**PROMPT**.
Lines from the one containing "Dining space featuring" through the final line of the data, restated word for word and free of pictures, make up the whole answer.

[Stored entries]
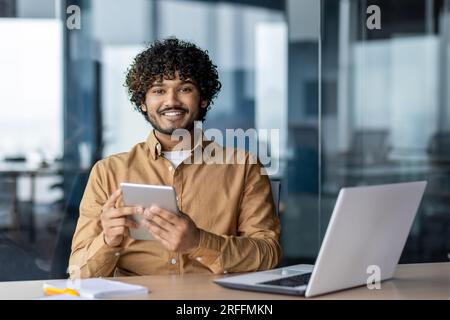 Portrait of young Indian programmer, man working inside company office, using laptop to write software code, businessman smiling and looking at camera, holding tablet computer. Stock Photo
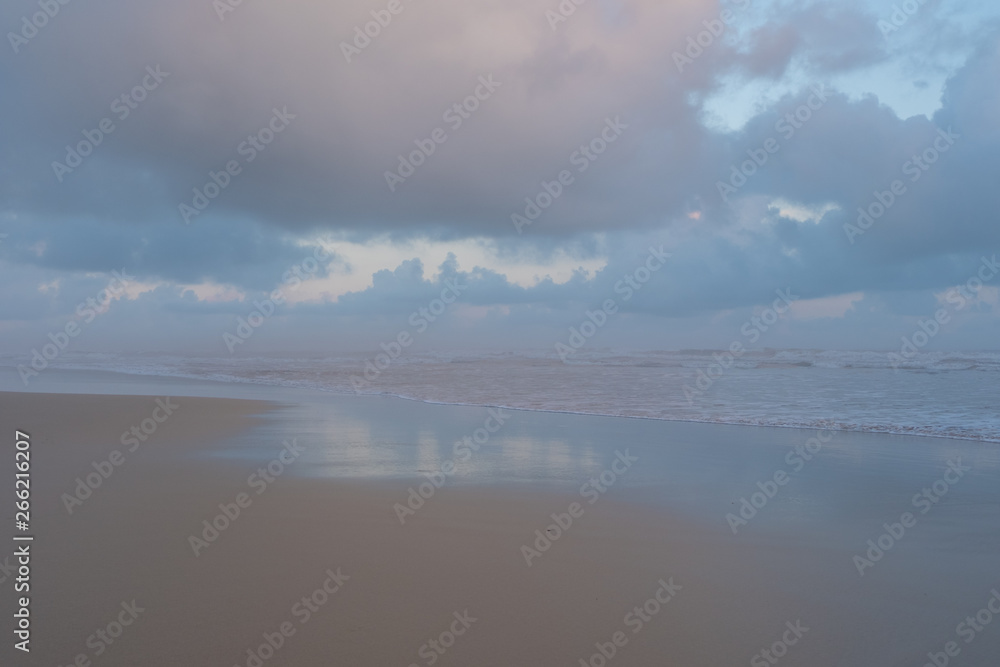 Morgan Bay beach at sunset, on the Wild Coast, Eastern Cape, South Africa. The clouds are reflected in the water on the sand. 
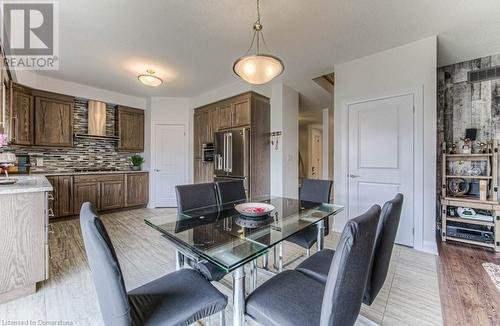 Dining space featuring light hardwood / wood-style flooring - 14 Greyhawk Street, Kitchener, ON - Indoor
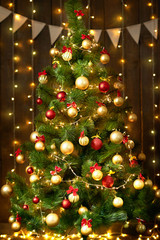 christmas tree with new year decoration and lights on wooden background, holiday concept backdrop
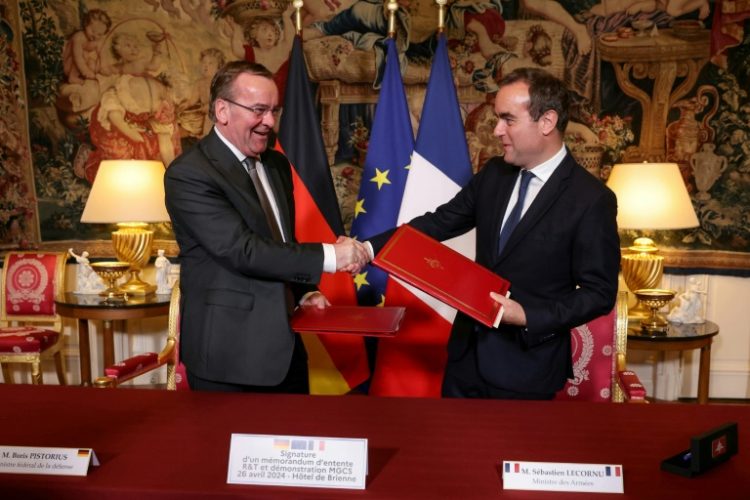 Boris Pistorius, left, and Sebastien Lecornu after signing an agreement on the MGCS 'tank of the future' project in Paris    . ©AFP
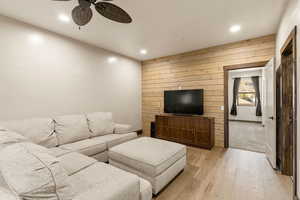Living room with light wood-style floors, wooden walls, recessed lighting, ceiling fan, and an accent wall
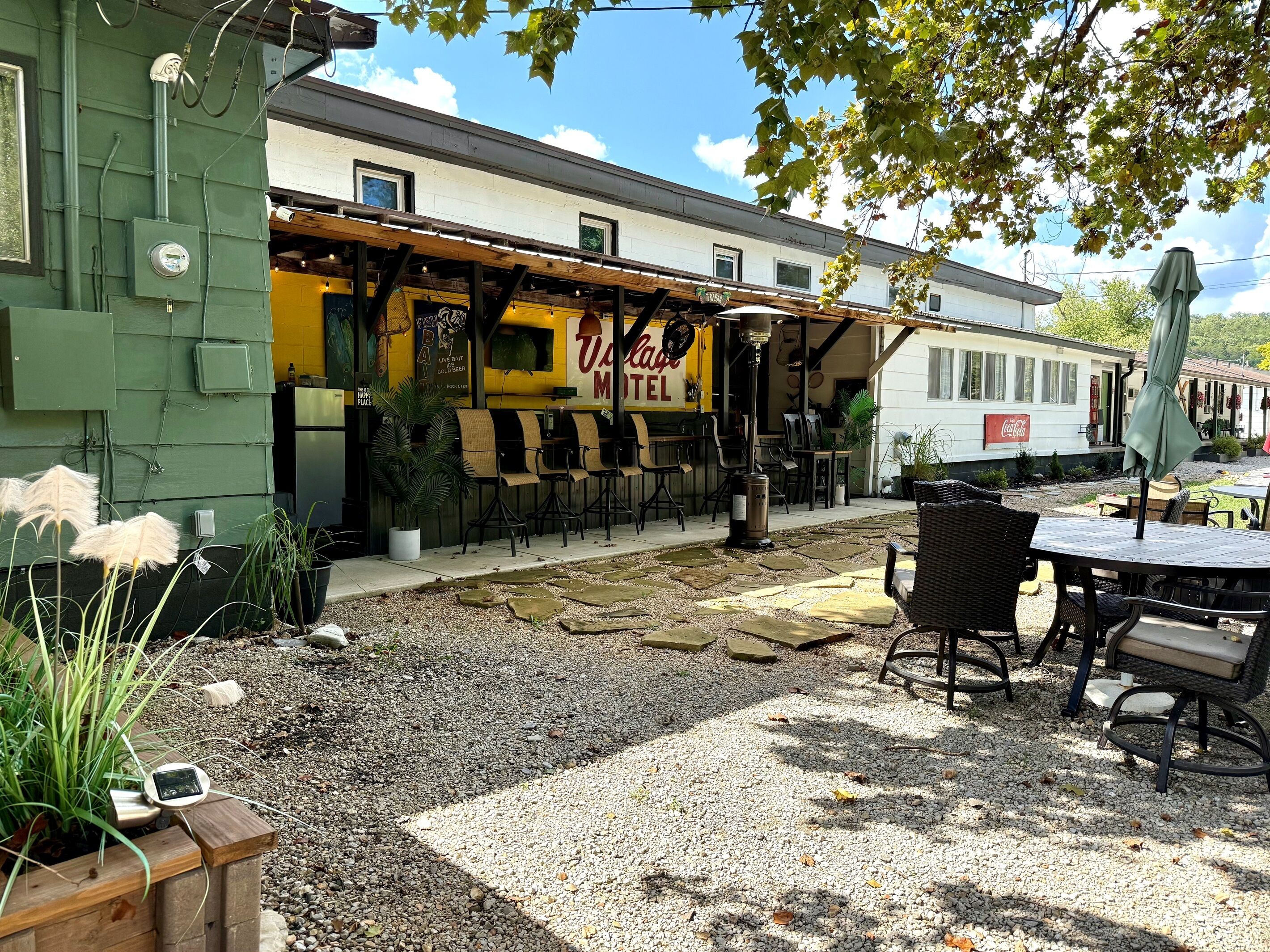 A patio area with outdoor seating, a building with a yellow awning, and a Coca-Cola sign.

**OUTPUT FOR THIS EXERCISE**.
 Dining space featuring light hardwood / wood-style flooring - 14 Greyhawk Street, Kitchener, ON - Indoor
 christmas tree with new year decoration and lights on wooden background, holiday concept backdrop
 Boris Pistorius, left, and Sebastien Lecornu after signing an agreement on the MGCS 'tank of the future' project in Paris    . ©AFP
Living room with light wood-style floors, wooden walls, recessed lighting, ceiling fan, and an accent wall
 A patio area with outdoor seating, a building with a yellow awning, and a Coca-Cola sign.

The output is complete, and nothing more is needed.